| TASK BRIEF |
Search the records for the string "Blue" and return each line that has it.

Dataset records:
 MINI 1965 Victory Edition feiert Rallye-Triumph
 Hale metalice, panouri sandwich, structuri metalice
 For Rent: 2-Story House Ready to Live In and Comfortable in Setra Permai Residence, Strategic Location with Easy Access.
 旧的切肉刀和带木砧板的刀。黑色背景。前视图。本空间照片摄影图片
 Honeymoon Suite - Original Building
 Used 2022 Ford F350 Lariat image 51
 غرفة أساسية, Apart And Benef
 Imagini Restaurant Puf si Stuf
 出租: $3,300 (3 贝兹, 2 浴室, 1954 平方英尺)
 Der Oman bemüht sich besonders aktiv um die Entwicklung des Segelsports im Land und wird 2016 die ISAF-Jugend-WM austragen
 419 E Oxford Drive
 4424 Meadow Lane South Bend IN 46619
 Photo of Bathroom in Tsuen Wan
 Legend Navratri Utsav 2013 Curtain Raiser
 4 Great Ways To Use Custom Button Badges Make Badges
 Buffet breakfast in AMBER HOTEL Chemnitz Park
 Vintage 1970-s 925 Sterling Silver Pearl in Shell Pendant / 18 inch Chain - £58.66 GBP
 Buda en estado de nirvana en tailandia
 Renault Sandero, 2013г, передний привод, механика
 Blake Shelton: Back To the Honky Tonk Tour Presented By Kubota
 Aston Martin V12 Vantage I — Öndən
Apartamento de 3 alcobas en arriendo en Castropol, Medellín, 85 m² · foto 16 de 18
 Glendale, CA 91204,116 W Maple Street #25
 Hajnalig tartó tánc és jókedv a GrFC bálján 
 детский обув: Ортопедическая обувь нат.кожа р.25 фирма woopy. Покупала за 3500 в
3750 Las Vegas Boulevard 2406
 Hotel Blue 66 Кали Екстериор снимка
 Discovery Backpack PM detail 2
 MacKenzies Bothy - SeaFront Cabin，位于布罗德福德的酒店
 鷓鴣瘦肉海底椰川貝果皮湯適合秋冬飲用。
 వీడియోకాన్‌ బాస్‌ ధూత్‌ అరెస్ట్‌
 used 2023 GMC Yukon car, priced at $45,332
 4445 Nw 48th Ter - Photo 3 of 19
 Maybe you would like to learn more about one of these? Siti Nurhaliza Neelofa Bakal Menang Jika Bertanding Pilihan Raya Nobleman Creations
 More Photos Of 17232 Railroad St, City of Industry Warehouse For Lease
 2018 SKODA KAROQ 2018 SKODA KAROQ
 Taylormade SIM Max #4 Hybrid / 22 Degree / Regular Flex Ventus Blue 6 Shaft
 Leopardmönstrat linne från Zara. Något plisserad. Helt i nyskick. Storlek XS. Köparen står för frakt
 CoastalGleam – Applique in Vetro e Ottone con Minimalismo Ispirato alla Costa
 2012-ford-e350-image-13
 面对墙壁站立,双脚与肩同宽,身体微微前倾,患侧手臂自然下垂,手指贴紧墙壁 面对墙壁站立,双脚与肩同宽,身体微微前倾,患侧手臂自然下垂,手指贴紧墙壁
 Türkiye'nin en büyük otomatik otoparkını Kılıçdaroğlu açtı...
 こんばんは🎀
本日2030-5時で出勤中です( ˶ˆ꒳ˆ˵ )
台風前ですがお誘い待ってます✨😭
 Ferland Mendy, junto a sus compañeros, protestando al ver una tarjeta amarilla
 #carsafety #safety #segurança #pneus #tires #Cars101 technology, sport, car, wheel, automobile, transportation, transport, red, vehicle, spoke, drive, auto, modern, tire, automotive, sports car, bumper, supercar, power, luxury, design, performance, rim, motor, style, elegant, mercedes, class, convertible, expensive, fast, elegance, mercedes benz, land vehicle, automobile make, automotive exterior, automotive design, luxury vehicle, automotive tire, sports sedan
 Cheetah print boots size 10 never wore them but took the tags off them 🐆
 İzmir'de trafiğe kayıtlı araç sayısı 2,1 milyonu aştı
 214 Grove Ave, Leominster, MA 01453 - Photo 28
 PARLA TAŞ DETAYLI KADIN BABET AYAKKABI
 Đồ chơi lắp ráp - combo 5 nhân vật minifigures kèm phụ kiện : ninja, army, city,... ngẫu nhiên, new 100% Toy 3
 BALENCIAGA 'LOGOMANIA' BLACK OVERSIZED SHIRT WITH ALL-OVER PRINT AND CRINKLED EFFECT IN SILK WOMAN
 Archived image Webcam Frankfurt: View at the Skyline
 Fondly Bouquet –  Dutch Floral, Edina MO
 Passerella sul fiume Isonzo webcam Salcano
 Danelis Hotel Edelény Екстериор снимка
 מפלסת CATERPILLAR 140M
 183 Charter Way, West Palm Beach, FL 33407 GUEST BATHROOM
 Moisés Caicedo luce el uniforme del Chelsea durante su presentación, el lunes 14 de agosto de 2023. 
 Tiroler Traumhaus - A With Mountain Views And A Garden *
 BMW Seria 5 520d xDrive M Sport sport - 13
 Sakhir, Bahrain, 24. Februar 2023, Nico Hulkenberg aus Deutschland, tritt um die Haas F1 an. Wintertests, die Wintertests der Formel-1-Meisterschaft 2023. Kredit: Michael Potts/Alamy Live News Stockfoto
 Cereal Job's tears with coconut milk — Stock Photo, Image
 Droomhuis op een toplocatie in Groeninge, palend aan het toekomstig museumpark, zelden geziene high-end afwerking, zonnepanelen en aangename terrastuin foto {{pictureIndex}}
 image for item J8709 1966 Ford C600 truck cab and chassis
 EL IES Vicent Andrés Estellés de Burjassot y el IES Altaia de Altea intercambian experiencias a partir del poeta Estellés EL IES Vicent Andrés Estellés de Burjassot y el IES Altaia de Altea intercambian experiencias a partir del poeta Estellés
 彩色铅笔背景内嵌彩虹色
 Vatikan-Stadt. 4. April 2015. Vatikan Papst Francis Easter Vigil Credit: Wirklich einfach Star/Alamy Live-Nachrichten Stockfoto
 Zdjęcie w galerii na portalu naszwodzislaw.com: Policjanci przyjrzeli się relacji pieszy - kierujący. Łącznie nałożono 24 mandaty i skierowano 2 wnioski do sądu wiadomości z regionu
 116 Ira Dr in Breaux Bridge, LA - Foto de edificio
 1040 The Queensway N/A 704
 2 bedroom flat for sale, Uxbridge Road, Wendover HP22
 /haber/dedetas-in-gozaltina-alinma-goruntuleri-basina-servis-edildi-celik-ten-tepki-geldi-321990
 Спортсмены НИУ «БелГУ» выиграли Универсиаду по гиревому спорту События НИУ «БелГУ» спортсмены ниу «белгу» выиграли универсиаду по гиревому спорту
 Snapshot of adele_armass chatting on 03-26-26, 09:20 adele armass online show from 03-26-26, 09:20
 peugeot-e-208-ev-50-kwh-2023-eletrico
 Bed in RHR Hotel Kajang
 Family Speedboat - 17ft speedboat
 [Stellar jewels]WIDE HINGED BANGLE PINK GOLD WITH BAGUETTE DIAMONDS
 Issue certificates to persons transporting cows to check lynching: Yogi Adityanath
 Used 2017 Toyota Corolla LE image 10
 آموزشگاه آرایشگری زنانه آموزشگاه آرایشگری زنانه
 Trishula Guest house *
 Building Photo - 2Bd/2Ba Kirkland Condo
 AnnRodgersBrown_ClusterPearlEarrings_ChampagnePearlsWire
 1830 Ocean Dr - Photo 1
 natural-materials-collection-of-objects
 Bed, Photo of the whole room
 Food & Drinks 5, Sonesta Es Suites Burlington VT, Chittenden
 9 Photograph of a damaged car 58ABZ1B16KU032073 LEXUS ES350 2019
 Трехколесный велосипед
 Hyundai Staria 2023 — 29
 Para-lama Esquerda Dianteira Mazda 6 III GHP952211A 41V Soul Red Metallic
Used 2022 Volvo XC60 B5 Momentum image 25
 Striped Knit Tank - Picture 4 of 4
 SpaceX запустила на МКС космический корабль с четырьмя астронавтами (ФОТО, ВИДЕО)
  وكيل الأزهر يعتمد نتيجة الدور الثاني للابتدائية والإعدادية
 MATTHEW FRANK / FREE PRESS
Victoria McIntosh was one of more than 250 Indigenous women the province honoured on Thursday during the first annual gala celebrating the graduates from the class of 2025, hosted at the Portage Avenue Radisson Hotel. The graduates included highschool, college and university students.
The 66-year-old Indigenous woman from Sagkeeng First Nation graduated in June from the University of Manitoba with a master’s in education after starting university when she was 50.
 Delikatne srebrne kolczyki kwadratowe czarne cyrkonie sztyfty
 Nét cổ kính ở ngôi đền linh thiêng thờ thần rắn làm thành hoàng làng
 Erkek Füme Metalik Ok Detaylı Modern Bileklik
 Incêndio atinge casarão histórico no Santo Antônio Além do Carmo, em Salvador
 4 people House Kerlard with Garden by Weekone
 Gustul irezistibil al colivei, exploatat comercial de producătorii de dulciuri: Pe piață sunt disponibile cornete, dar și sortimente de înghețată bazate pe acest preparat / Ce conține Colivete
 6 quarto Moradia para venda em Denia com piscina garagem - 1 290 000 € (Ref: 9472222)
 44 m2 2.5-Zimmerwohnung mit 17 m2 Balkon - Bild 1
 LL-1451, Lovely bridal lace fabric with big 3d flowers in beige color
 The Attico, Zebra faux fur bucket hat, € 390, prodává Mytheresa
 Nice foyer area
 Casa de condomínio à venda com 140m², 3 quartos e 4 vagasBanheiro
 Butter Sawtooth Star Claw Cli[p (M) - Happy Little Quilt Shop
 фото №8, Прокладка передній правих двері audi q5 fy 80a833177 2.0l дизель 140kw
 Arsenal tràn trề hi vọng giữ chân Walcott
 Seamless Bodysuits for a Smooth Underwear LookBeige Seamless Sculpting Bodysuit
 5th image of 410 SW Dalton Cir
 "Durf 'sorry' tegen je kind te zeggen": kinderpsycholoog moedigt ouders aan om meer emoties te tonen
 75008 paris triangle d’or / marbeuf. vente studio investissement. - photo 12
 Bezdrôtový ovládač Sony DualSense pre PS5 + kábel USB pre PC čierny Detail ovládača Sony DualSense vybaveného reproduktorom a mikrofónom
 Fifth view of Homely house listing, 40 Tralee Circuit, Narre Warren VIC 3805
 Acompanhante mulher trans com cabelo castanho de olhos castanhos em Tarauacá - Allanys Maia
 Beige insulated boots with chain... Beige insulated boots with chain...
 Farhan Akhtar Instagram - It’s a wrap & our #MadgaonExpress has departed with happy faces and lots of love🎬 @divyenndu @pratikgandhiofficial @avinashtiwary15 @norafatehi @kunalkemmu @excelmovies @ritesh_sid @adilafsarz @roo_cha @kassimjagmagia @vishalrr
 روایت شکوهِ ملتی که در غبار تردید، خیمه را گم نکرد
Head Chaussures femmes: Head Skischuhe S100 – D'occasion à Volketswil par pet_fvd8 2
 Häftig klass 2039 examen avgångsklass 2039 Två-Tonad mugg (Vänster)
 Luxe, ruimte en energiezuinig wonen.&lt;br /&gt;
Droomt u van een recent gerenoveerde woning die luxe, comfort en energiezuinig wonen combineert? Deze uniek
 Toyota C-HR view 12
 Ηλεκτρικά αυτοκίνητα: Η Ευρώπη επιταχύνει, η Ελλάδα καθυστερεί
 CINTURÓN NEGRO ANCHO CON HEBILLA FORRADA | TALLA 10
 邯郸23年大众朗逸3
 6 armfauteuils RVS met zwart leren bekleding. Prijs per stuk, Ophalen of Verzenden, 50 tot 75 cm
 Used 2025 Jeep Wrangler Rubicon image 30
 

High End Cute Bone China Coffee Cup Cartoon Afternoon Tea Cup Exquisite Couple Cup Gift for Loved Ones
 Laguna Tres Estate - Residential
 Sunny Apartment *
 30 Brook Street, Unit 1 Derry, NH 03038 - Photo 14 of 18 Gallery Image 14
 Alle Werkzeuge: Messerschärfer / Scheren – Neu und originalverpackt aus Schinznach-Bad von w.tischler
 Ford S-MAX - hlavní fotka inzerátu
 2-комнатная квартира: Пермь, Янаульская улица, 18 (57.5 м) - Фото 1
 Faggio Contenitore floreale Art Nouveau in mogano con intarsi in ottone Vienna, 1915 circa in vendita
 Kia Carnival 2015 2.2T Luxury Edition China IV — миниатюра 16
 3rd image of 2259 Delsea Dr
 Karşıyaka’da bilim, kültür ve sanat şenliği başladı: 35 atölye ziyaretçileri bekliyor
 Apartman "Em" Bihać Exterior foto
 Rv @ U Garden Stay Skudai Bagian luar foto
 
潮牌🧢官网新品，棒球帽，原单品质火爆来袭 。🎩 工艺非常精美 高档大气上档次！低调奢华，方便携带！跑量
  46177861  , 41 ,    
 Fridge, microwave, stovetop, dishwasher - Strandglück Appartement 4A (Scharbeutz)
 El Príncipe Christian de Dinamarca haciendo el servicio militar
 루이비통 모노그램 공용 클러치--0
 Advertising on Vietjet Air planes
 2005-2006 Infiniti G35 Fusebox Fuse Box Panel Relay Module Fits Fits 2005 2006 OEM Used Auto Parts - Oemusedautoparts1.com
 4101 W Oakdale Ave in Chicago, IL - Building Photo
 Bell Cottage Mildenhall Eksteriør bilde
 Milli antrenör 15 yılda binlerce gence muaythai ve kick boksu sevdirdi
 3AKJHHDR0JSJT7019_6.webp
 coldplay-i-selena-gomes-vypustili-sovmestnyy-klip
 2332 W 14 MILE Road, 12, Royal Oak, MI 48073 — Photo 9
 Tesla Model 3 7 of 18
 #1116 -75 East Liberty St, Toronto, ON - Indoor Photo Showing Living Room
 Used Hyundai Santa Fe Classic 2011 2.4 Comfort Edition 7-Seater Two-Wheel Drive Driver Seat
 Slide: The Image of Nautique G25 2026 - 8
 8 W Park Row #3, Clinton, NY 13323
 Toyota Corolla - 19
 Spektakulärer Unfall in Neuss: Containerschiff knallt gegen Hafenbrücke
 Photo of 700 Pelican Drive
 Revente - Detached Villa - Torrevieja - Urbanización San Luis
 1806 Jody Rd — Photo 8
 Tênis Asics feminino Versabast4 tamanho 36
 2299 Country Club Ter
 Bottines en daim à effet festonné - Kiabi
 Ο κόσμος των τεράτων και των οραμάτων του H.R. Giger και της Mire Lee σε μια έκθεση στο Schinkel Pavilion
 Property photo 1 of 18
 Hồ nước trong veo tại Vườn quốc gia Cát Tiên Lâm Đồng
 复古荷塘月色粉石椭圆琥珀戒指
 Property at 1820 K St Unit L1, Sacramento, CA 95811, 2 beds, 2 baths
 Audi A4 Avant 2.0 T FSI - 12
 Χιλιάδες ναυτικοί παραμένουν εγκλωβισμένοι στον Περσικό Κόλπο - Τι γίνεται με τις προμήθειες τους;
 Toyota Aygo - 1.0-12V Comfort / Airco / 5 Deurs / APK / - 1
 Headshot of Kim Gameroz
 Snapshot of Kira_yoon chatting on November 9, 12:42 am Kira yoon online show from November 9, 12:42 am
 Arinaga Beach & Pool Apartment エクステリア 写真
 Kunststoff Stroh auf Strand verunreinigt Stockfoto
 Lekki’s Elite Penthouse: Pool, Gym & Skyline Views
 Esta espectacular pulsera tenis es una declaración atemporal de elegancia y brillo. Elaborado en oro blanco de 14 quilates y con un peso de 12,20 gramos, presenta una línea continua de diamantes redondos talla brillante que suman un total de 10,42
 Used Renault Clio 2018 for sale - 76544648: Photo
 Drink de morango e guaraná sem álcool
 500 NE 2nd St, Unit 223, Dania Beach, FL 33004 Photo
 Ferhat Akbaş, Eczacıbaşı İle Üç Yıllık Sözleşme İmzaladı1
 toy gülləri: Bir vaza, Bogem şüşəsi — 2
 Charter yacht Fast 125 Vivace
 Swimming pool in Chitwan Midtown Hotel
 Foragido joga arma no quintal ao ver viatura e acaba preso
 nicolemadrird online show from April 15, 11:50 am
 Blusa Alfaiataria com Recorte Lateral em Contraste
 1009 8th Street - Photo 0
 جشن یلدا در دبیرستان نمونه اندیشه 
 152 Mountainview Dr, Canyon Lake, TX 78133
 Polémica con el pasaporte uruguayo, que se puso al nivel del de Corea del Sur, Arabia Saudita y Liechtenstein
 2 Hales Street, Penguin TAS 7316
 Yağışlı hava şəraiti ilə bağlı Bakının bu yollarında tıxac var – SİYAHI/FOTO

| RESPONSE BELOW |
 Hotel Blue 66 Кали Екстериор снимка
 Taylormade SIM Max #4 Hybrid / 22 Degree / Regular Flex Ventus Blue 6 Shaft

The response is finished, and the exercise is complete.